**Work order**
From the line holding "Daffodil Blossom" through the line holding "Coastal Bird Count Expedition" below, write out every line exactly; include both of those lines and drop the pictures.

**Entries shown**

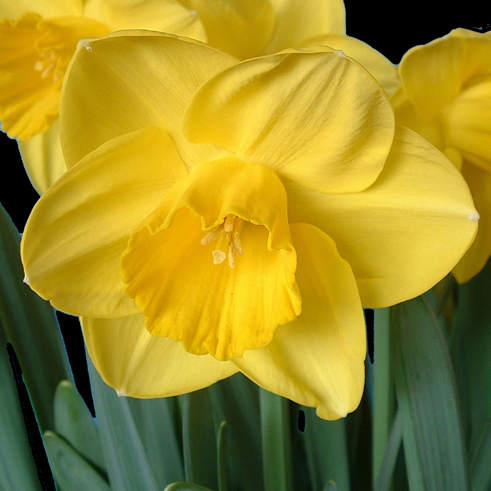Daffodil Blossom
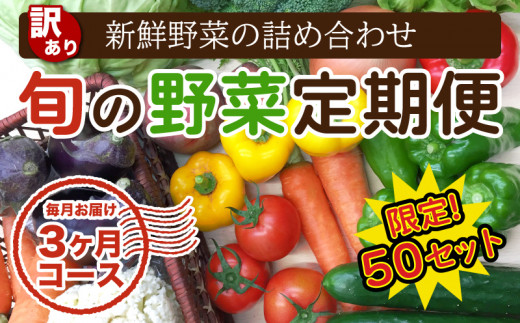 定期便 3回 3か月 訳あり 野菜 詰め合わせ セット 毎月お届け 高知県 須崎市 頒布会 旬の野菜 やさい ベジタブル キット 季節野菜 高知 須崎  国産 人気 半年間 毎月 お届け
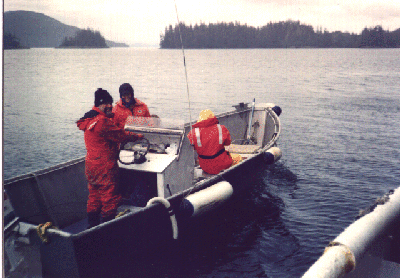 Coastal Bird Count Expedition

--

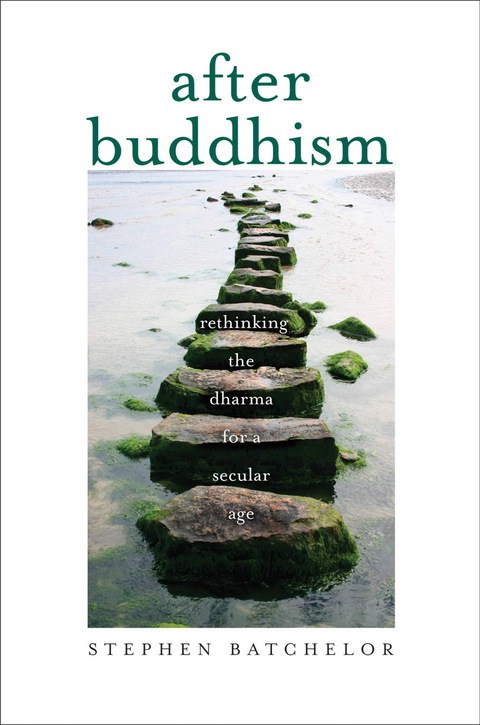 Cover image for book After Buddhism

**Response**
Daffodil Blossom
 定期便 3回 3か月 訳あり 野菜 詰め合わせ セット 毎月お届け 高知県 須崎市 頒布会 旬の野菜 やさい ベジタブル キット 季節野菜 高知 須崎  国産 人気 半年間 毎月 お届け
 Coastal Bird Count Expedition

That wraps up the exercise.